Child sex abuse greatly under-reported, claim activists

Child activist James Nayagam says under-reporting of cases renders the child sex offenders’ registry meaningless. (File pic)

PETALING JAYA: Two child rights activists claim that sexual violence against children occur far more frequently than indicated in official reports.

They did not give specific figures of their own, but Suriana Welfare Society chairman James Nayagam said he suspected that one in 10 children had faced abuse, and Dr Amar Singh, a paediatrician with more than 20 years of advocacy against child abuse, pointed to studies carried out in 1996, 2001 and 2011 showing that 8% to 26% of all children had suffered some form of abuse.

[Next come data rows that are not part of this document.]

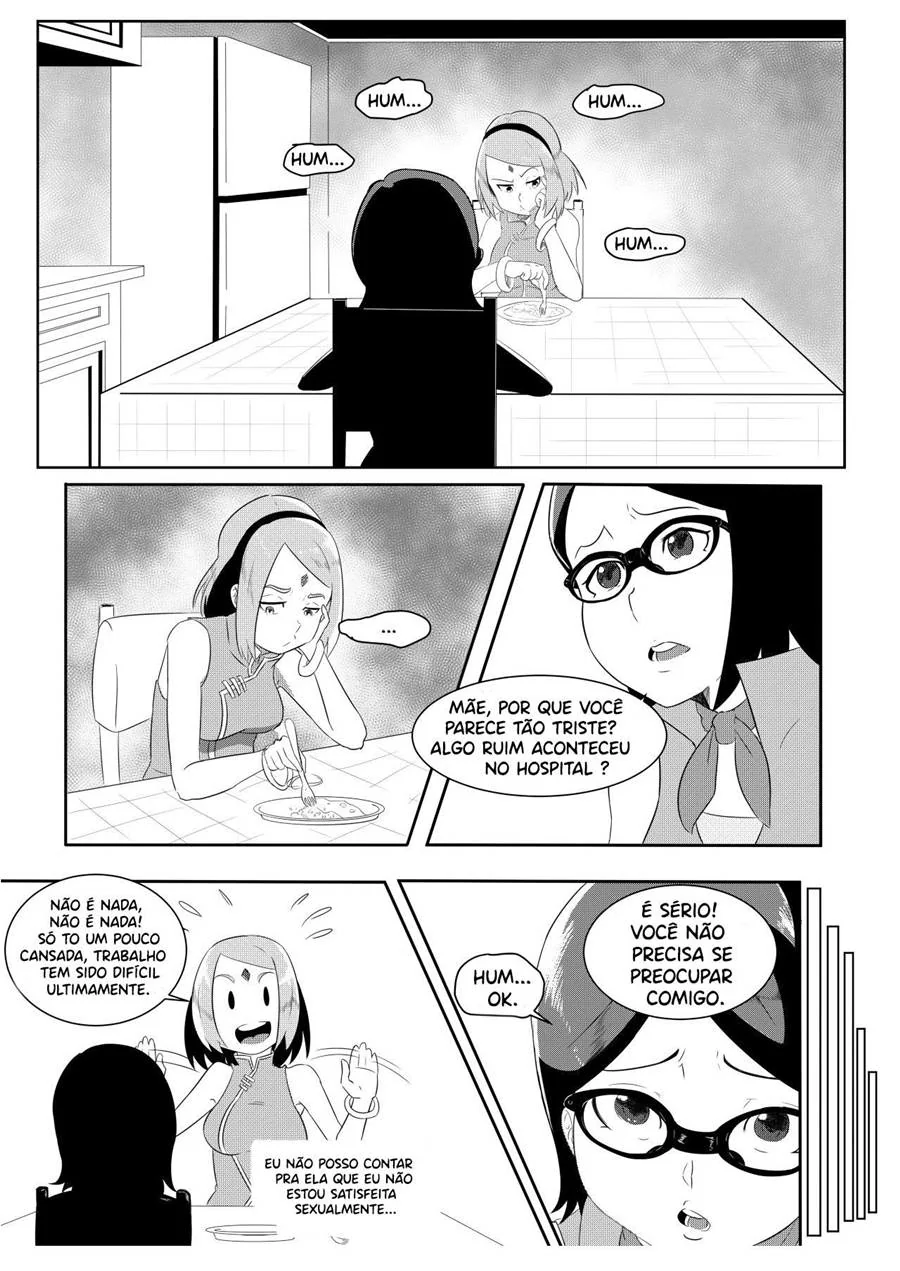 Piranhas Incestuosas: Ino Chupando a Buceta da Mamãe Sakura em Hentai HQ Brasileiro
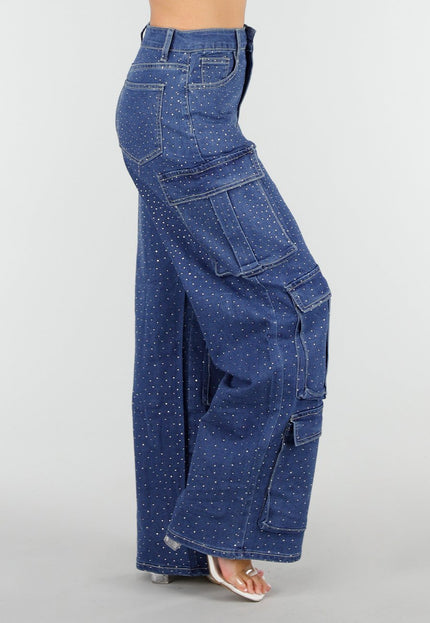 NEW010426 Denim Cargo Jeans met Strass en Wide Leg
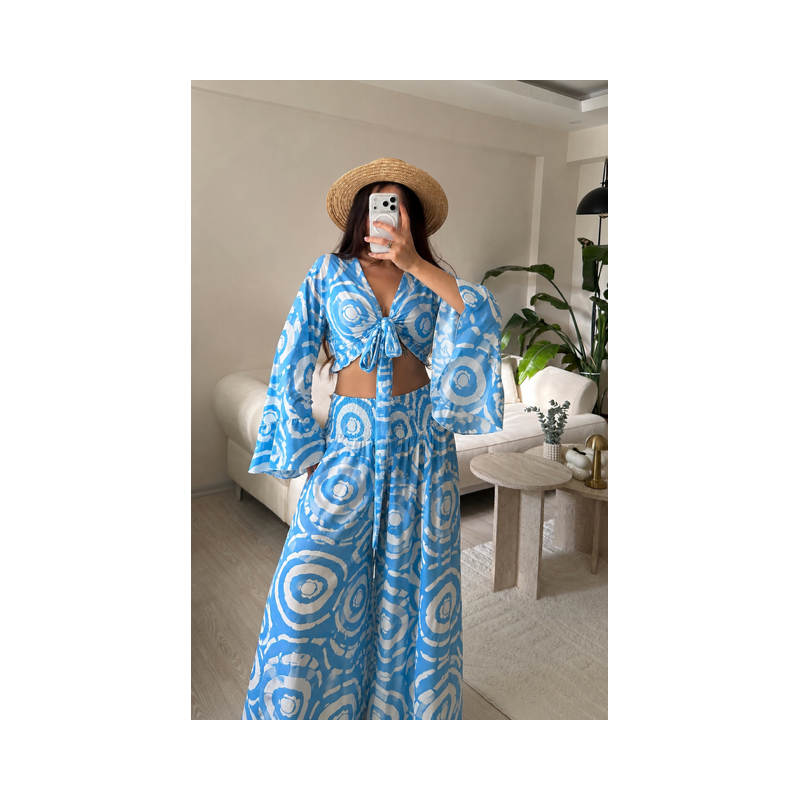 Compleu BOHO Seda cu pantaloni Blue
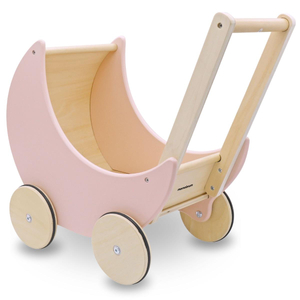 Poussette de poupée en bois rose
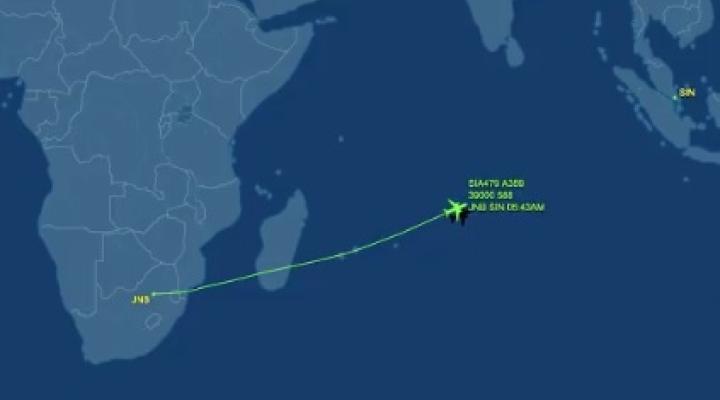 Śledzenie trasy lotu samolotu ponad Oceanem Indyjskim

They were commenting on a recent report that police recorded 1,721 cases in the first six months of this year and a statement in the Dewan Rakyat that 813 cases were with the special court dealing with sexual crimes against children.

The statement was made by Deputy Women, Family and Community Development Minister Siti Zailah Mohd Yusoff.

Nayagam told FMT his suspicion was based on research he had carried out.

James Nayagam

He said most cases of sexual abuse of children occurred behind closed doors and the recent lockdown caused him a lot of worry because it meant that victims were forced to stay at home with the perpetrators.

“The difficulty here is the cases do not get reported. It takes about four years before a case is reported as people tend to keep quiet for various reasons,” he said.

Nayagam said perpetrators within the family unit included boyfriends of single mothers and stepfathers.

“I have come across a case of a mother of two girls who has been abandoned by her husband. She can’t get work. She finds a boyfriend, who offers shelter but he fondles or rapes the children.

“She keeps quiet because where is she going to go if she gets kicked out?

“And then there are stepfathers who look at their stepdaughters as sexual objects. This very often happens in the east coast states.”

Dr Amar Singh

Nayagam said one problem was that conversations about sex were regarded as taboo and children were being taught to steer clear of the subject.

Another problem was that elders in the family tended to disbelieve children when they complained.

He also said enforcement agents were not sufficiently trained to deal with sexual abuse cases and there were often no follow-ups to reports due to a lack of manpower.

He said the under-reporting of cases rendered the child sex offenders’ registry meaningless.

The registry came into effect in April last year. Former deputy women, family and community development minister Hannah Yeoh said it would contain the names of about 3,000 reported offenders from 2017.

“You can have all the laws, but if it’s an invisible problem, then what are we going to do?” Nayagam said. “The only way is through better awareness and getting the children to speak up.”

Amar called for a differentiation between rape and sexual abuse with no penetration.

Hartini Zainudin

“A child may be raped but the vast majority are sexually abused,” he said. “Rape is usually limited in occurrence while child sexual abuse usually happens continually over a long duration.

“Classifying child sexual abuse as rape confuses the issue and limits the preventative measures.”

He said there was a need for an effective mechanism for children to use to inform reliable adults that they are victims of inappropriate touching or sexual activity or abuse.

“The current helpline (Talian Nur) is not meeting this need,” he said.

Amar recommended teaching children as young as three about appropriate and inappropriate touching on their bodies. This should be done at all nurseries, preschool facilities, children’s homes and day-care centres, he said.

Hartini Zainudin of the Yayasan Chow Kit crisis centre said there were still gaps in awareness of what sexual abuse entails.

“It is muddled when it comes to child marriage and rape, trafficking of children for prostitution, child pornography and in cases of incest,” she said.

She noted that international studies had found there was generally a lack of confidence in law enforcement and the judicial system to implement and provide protection to children.

Hartini said the culture in Malaysia was a hindrance to effective implementation of policies.

“We need sex education and a safe space for children to report sexual abuse,” she said. “And we need volunteers who will believe victims.”